● **TASK TO COMPLETE**:
The answer must be every line below that contains the string "Girls".

--- START ---

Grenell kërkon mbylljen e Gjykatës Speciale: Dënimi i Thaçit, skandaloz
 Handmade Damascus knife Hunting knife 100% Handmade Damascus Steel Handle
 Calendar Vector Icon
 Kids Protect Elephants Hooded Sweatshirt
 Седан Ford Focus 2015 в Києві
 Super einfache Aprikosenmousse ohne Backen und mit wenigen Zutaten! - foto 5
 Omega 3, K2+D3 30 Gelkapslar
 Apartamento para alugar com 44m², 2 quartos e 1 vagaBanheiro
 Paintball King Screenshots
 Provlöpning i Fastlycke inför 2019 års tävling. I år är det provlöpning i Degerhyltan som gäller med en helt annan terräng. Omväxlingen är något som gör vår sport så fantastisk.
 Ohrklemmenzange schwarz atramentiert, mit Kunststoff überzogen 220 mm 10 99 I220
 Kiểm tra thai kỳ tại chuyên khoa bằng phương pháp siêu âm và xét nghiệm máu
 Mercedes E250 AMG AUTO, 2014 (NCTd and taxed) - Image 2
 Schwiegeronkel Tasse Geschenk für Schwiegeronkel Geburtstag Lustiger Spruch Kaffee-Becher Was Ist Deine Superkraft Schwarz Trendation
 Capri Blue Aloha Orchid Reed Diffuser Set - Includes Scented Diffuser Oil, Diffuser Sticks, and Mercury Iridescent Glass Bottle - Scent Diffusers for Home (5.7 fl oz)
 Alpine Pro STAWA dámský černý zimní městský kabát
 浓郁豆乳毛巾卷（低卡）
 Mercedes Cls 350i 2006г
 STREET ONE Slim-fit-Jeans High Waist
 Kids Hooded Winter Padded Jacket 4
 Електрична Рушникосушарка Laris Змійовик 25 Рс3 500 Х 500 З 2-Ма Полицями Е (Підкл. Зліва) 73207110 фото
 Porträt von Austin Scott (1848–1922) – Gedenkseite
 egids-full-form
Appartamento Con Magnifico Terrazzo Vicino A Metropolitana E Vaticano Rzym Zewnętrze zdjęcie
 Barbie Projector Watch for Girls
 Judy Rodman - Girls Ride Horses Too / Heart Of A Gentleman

--- END ---

● **WRITTEN ANSWER**:
 Barbie Projector Watch for Girls
 Judy Rodman - Girls Ride Horses Too / Heart Of A Gentleman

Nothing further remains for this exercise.